### Recorded information
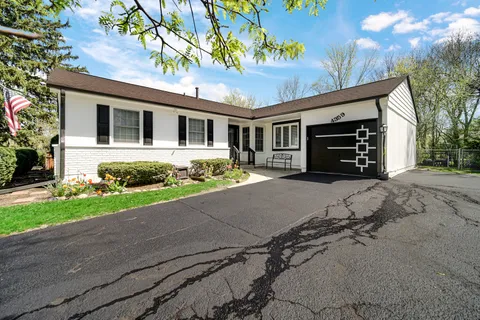 $499,999 | 4359 Lincoln Avenue, Rolling Meadows, IL 60008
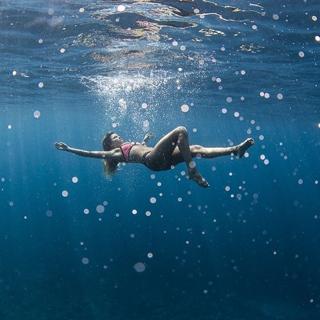 Alana Blanchard feet photo thumbnail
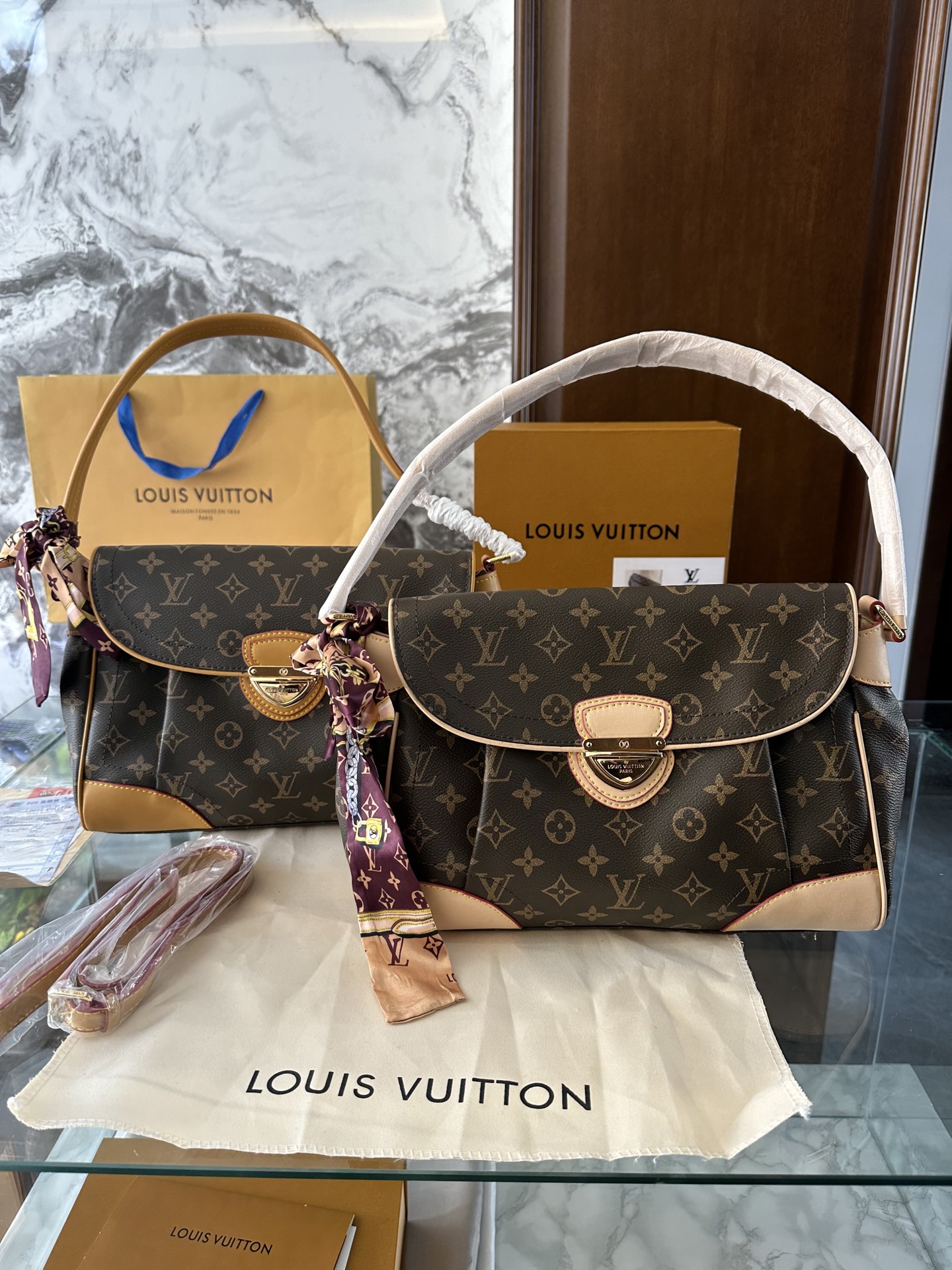 Louis Vuitton p115 Estrela 31 13 20 Handbag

### What you should do
Everything in the listing should be repeated exactly except the pictures.

### Written reply
 $499,999 | 4359 Lincoln Avenue, Rolling Meadows, IL 60008
 Alana Blanchard feet photo thumbnail
 Louis Vuitton p115 Estrela 31 13 20 Handbag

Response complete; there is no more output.